───── ENTRIES SHOWN

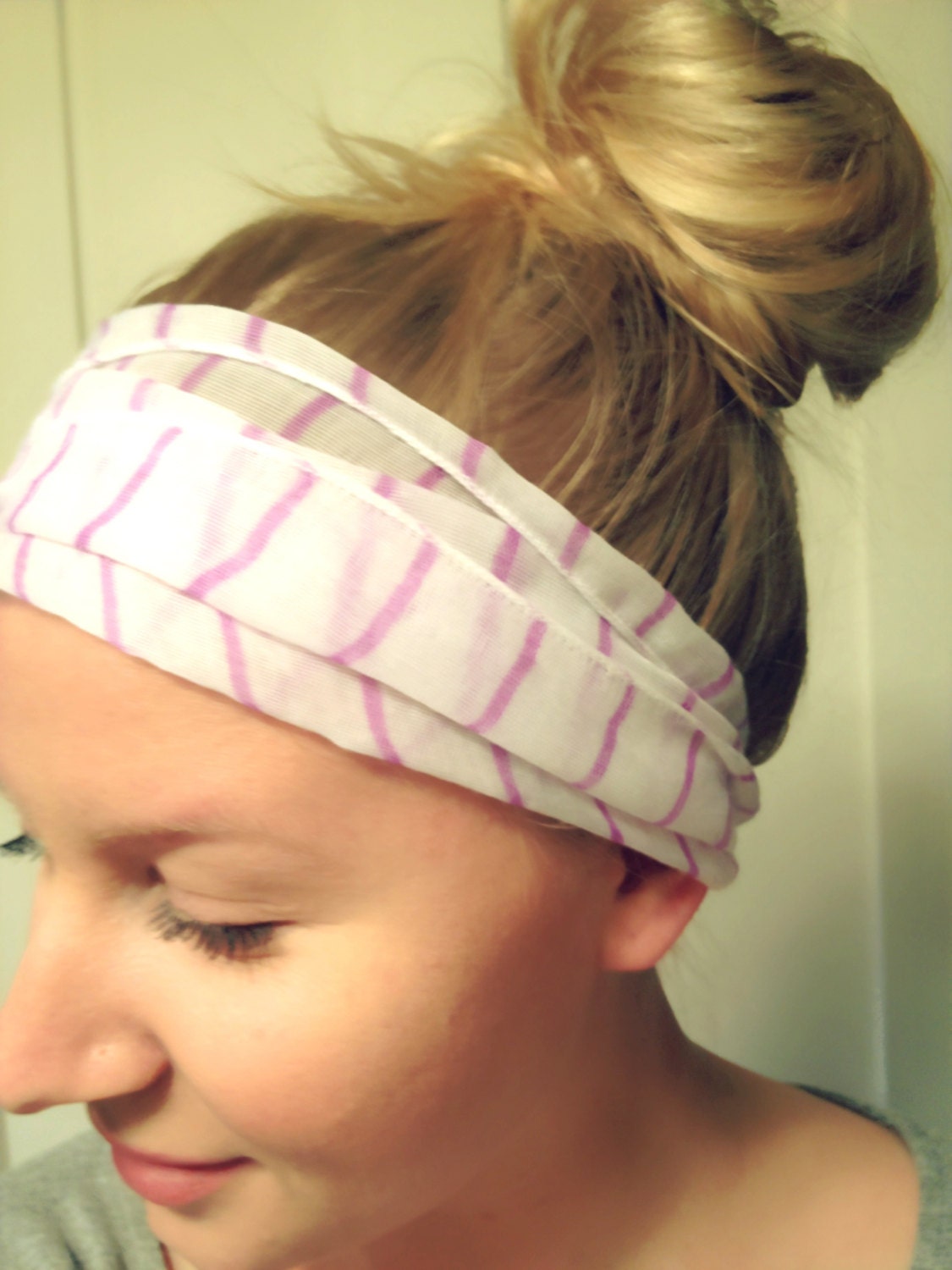As Seen On Brickyard Buffalo Yoga Hipster Scarf Head Wrap Bright Purple Neon Violet White Stripe Stretch Non-Marking DOLLAR SHIPPING in US
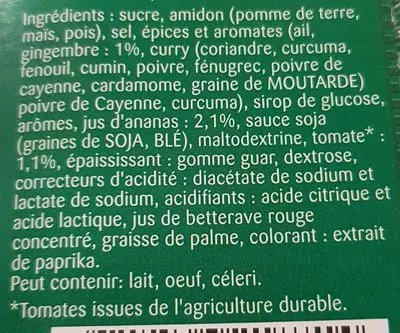 List of product ingredients Sauce Aigre Douce  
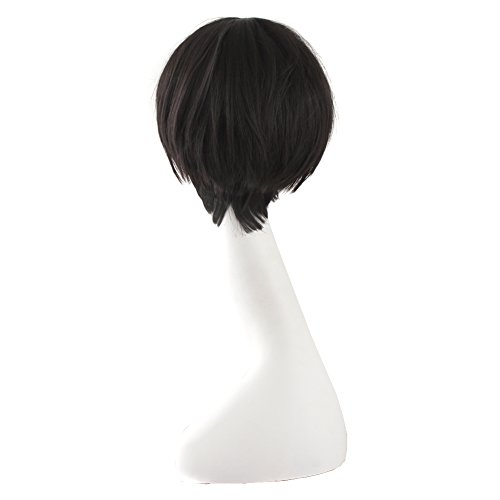 MapofBeauty Fashion Women Men Double Tail Straight Hair Cosplay Braided Wig (Black)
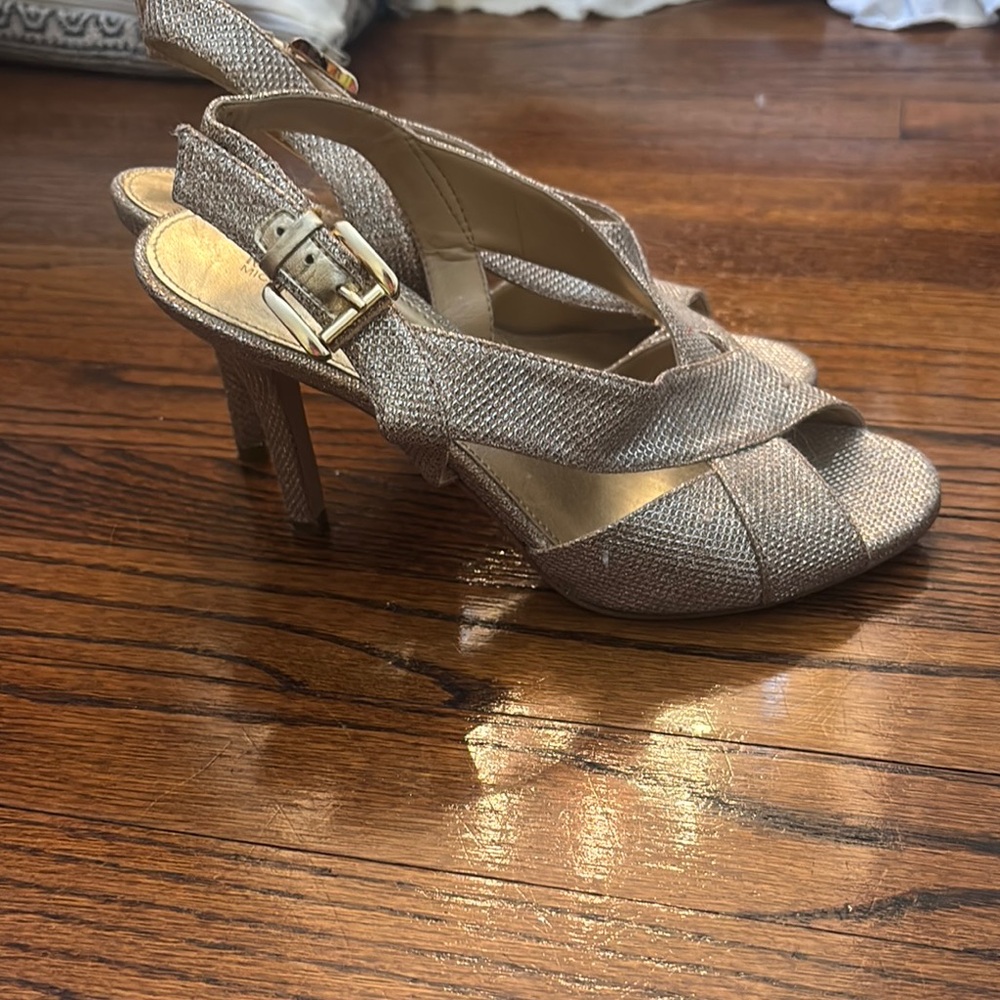 Elegant Gold Strappy Heels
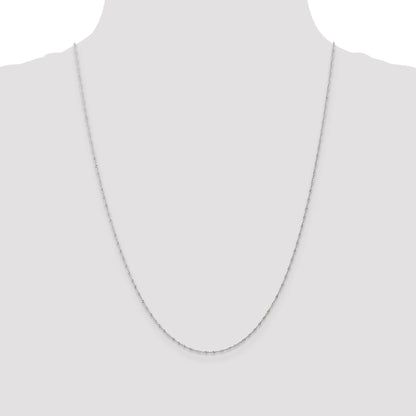 10K White Gold 1mm Carded Singapore Chain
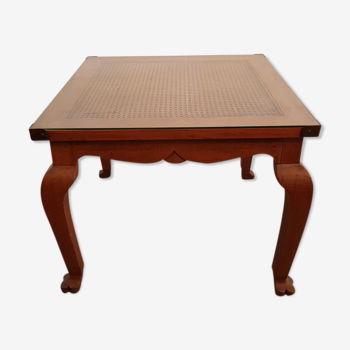 20th century colonial style teak wood coffee table with webbing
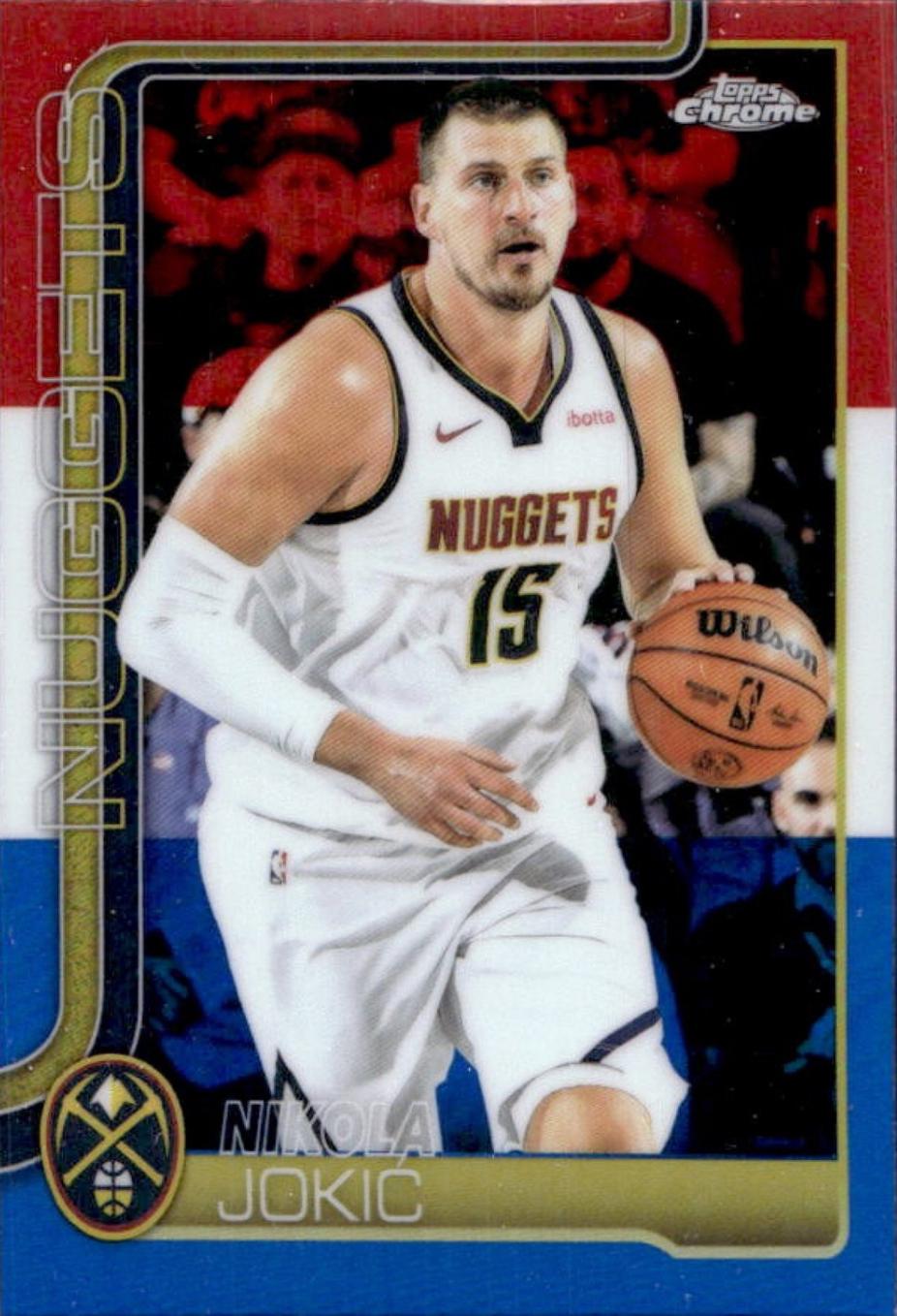 2025 Topps Chrome Nikola Jokic [Red White Blue Refractor] #25 card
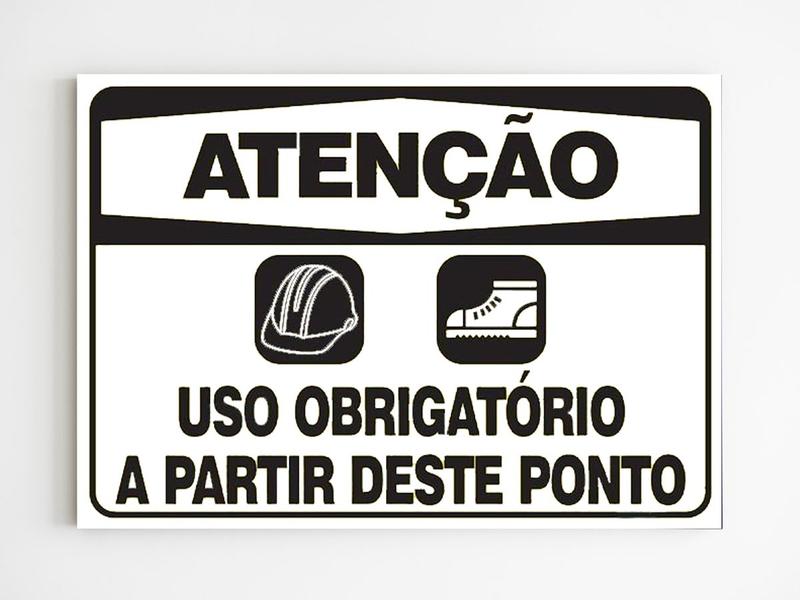 Imagem de Placa de aviso atenção obrigatório uso de capacete e bota A4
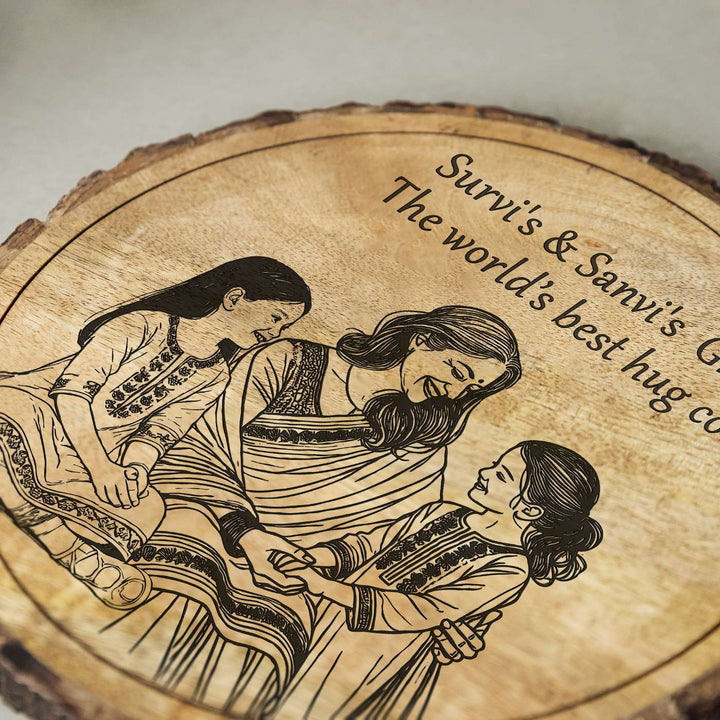 Personalized Hand Carved Engraved Dadi And Granddaughters Theme Wooden Decorative Plaque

──────────

TASK DIRECTIONS: The reply should hold every line of the material above, unchanged, and no pictures.

RESPONSE AREA:
As Seen On Brickyard Buffalo Yoga Hipster Scarf Head Wrap Bright Purple Neon Violet White Stripe Stretch Non-Marking DOLLAR SHIPPING in US
 List of product ingredients Sauce Aigre Douce  
 MapofBeauty Fashion Women Men Double Tail Straight Hair Cosplay Braided Wig (Black)
 Elegant Gold Strappy Heels
 10K White Gold 1mm Carded Singapore Chain
 20th century colonial style teak wood coffee table with webbing
 2025 Topps Chrome Nikola Jokic [Red White Blue Refractor] #25 card
 Imagem de Placa de aviso atenção obrigatório uso de capacete e bota A4
 Personalized Hand Carved Engraved Dadi And Granddaughters Theme Wooden Decorative Plaque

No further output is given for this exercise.